Every child is born with the hope that god is not yet disappointed with man. -Rabindranath Tagore

Social and cultural revolution has been possible only in a system where quality of educational opportunity is provided and education is deliberately used to develop more and more potential talent and to harness it to the solution of the national problem. The 1986/92 education policy admits that education was at the crossroads and it needed to change the direction of where it was going. Neither normal expansion nor existing pace and nature of improvement can address the need of the situation. (Para 1.9).The Teach for India foundation is an initiative to alleviate this national ill of educational disparity by the Teach for India program. This program would be a two year internship open to all Indian nationals who have had graduation level education. Apart from having an inclusive work culture involving NGO's, corporate and the government, building prestige and credibility around the program would thus be central to achieving its objective. Teach for India is not meant to be a perfunctory exercise whose scope is limited to getting making people "literate". It is meant to involve the most talented youth in the country in an effort to usher in a wave of excellence in school education so that an entire generation is empowered to actualize its potential in the best possible way. But then, you have to be the best to attract the best. And this motto of excellence will be the driving force behind all its endeavors.

Case Analysis:

Scope of the project:

•Case Introduction

The dichotomy of Indian education has only deepened the divisive wedge which separates the have's from the have not's. Teach for India is an initiative to promote educational parity and in the process create thinking leaders. This movement has been successfully launched and implemented in the US and UK, but while implementing this program in India we must consider the peculiarities of the Indian education system, the social and economic realities.

•Issues at hand

In 2002 , the lower house of parliament ratified the 86th amendment in the constitution , adding article 21, giving all children ages 6 to 14 the right to free and compulsory education by the state. The amended law also placed an obligation on parents and guardians to provide educational opportunities to these children. But despite of policies and laws, the sad reality is that out of a primary school age population of approximately 203 million only 120 attends school. In a situation of the type we have in India, it is the responsibility of the educational system to bring the different social classes and groups together and thus promote the emergence of an egalitarian and integrated society. Intra urban disparities are stark as far as the issue of the educational access is concerned. These children cannot make use of the alternative system of the education, which are in the form of private schools as there exists a ‘social distance' between them and the other children. The most relevant question in the provision of the education (early childhood, primary, upper primary and secondary) relates to overcoming supply side constraints.

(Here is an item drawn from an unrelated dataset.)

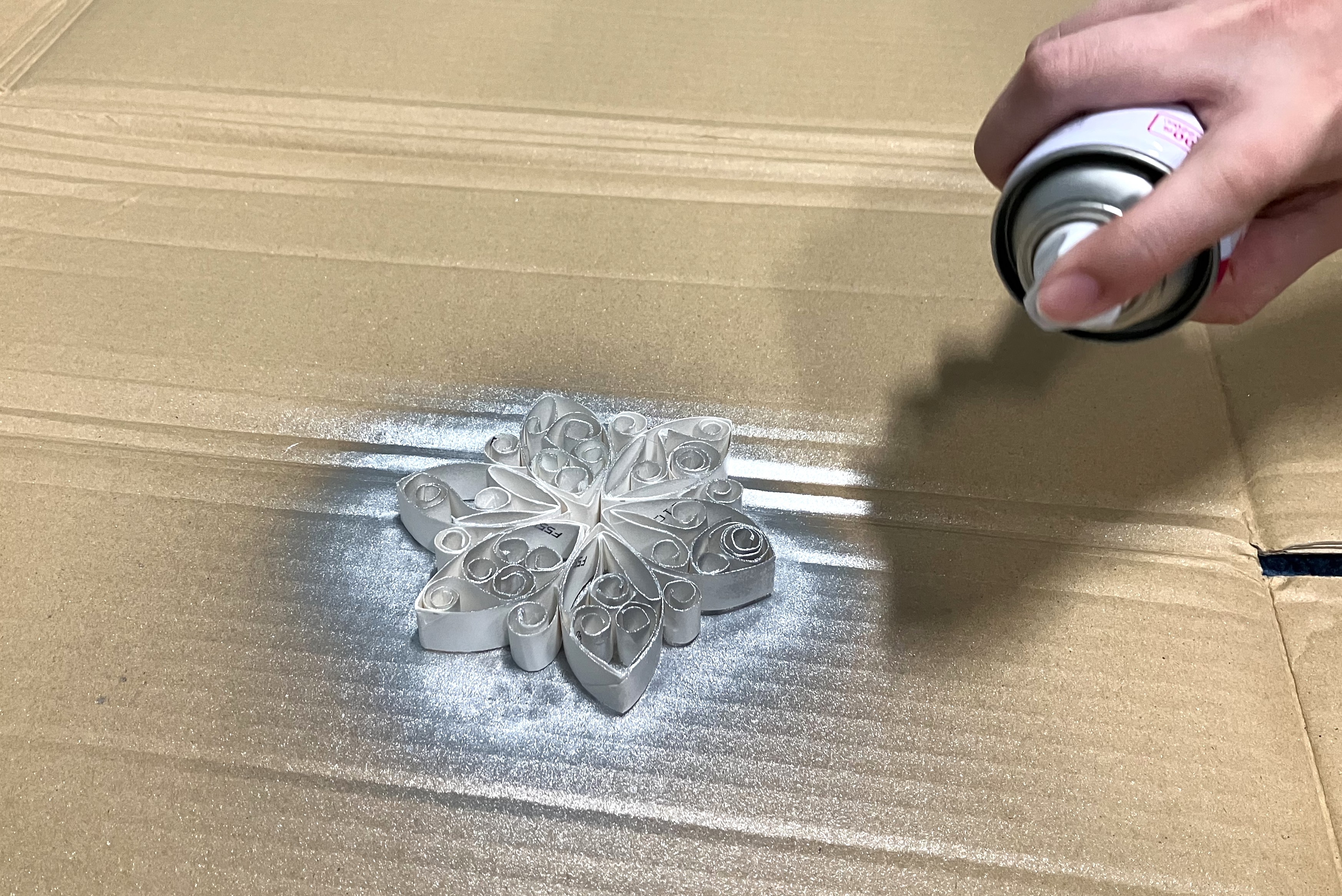 4. 形が完成したら、全体にラッカースプレーで色を塗ります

Some of the problems pertaining to the first generation learners are:

•Gap between school and community becomes very large that translates into high dropout rate. •Education does not lead to material gain on value addition. •Poor schooling infrastructure
•Low motivation of teachers
•Disinterest in teachers has led to a declining faith of residents in the schooling system.

•Case Proposal

Teach India foundation would style itself as a coordinating agency and the focal point of action. It would actively work with the existing government initiatives to enhance their effectiveness. As specified earlier it would have three arms which would support its working. The NGO's would be responsible for imparting...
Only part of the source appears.